余談であるが開催日の数日前からこの日の天気は雨という予報が出ていたけれど、朝から曇ってはいたものの自分が外出していた時間帯は雨が降らず、それどころか午後になると晴れ模様となっていた。今年の9mmの晴天率&雨予報をひっくり返す率には目を見張るものがある。

 

ここ最近はホールやZeppクラスの大箱、野外の会場など広いところでライブをやる機会が圧倒的に多かった9mm、キャパ380人ほどの小箱でのライブは久々な気がする。

会場に入るとステージには9mm15周年仕様のバックドロップが既に掲げられていて、先攻であるアベンズのおびただしい数の機材がステージを埋め尽くすようだった。狭くて暗いステージにたくさんの機材が置かれている様子は何かの実験室のようにも見えて、それだけでワクワクした。この日は上手の端の方で待機。

 

 

avengers in sci-fi

 

セトリで把握できたのは最初の

Tokyo Techtonix

Yang 2

 

中盤以降の

Sonic Fireworks

Dune

Citizen Song

Homosapiens Experience

のあたり。どこかでI Was Born To Dance With Youも入っていたか。大体9曲ぐらいやっていたかとは思う。

 

何を今更…と思われるかもしれないが、演奏が始まってからどこから何の音が飛び出してくるか分からないというワクワク感。自分の位置からはイナミさんと先生はほぼ見えず、タロウさんは手元まで見えるような感じだったためタロウさんが曲によっては左手でギターの弦をタッピングしながら音を出すと同時に右手でシンセを操っているという様子が見え、なんて器用な事を…!と手元に釘付けになっていた。

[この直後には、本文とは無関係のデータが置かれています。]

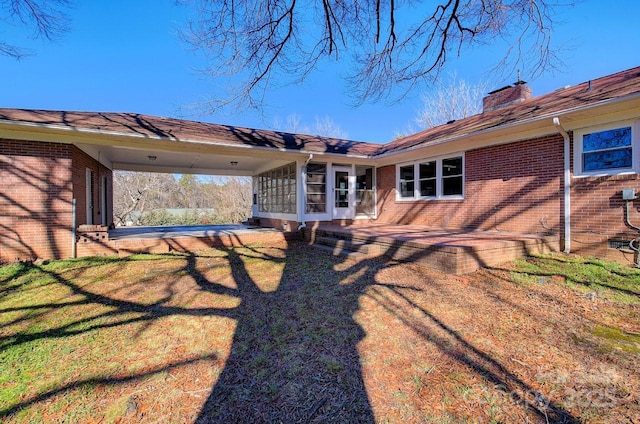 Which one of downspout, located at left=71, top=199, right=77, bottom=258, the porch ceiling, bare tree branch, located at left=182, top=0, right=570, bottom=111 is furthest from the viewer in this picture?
the porch ceiling

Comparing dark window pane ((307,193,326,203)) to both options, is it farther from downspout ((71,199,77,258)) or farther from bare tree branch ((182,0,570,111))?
downspout ((71,199,77,258))

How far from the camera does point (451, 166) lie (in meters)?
9.08

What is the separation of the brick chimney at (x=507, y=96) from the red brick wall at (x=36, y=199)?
12.2 metres

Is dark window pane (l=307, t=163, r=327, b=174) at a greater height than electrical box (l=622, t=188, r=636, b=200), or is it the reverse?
dark window pane (l=307, t=163, r=327, b=174)

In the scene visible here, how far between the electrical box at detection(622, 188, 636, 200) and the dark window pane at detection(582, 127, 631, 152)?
0.90 m

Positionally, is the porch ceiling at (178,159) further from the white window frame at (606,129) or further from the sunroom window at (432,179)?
the white window frame at (606,129)

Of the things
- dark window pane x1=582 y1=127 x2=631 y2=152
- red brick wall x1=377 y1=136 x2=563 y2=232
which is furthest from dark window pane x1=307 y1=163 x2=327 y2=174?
dark window pane x1=582 y1=127 x2=631 y2=152

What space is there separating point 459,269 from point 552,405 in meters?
3.07

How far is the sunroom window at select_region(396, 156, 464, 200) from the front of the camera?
8922 millimetres

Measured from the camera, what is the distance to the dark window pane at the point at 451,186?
8852 mm

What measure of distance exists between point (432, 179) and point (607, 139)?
4.25 meters

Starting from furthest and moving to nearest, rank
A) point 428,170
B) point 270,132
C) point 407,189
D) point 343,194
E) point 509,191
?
point 270,132
point 343,194
point 407,189
point 428,170
point 509,191

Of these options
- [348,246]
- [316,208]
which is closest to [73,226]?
[348,246]

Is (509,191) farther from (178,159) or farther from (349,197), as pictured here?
(178,159) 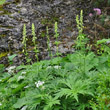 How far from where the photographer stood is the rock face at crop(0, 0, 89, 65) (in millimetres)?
5309

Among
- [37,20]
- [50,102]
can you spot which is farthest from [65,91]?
[37,20]

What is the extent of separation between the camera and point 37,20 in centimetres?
615

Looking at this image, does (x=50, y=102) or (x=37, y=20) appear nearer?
(x=50, y=102)

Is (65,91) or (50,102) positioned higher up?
(65,91)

最初のMCでタロウさんが6番勝負の今日の対戦について「相手が悪かったね…400勝ですから、こう見えても」と言っていた。

また、9mm15周年おめでとうございます、から自分たちが15周年の時の新木場(昨年のSCIENCE MASSIVE ACTION)にも出てもらった、誘ったら快く出てくれたと、だから呼んだ甲斐があったという話も。アベンズはあまり他のバンドの周年イベントに呼ばれたことがないらしいというような話もあった。

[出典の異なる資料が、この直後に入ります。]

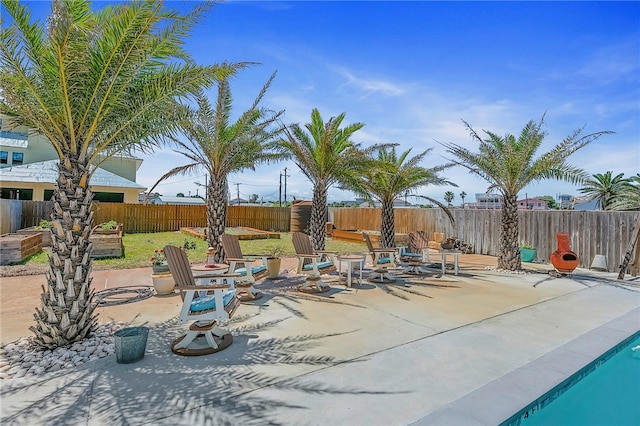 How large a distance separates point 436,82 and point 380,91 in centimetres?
151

中盤のブロックではタロウさんがあまりギターを弾かずシンセなど?を駆使して音を作り、そのままハンドマイクで歌ったりといった曲が多く、軽くダンスをするような動き、特にその時の足さばきには目を奪われるものがあった。時々前に来てモニターに足をかけながらこちらを煽ったりもしていた。

 

中盤のMCではタロウさんが「テクノロジーを見せつけてすまんな」と言いつつも「前時代のテクノロジーだけど」とも。7月20日と21日に下北沢ERAにて開催するイベントについての告知では、シンセなどにアレルギーがなければ…と言いつつぜひ来てください、と。イナミさんからだったか、先生に向かって、何か言う事がないか促したり、先日アベンズのラジオにかみじょうさんが出た時の話らしいが普段のかみじょうさんがライブ後に毎回面白いことをやっているから先生も面白いことしなくていいのか、と言われ先生がそれはライブ終わった時だから…というような話になったが途中で切られて終了。笑

MCを挟むとき以外は曲と曲の間を切らずに繋いでゆくスタイル、とてもかっこよかった。そしてCitizen Songの前にはタロウさんが馴染みのあるフレーズを弾き始めて…何とVampiregirlのイントロを演奏してくれた!!これに気付いた時の嬉しさ!!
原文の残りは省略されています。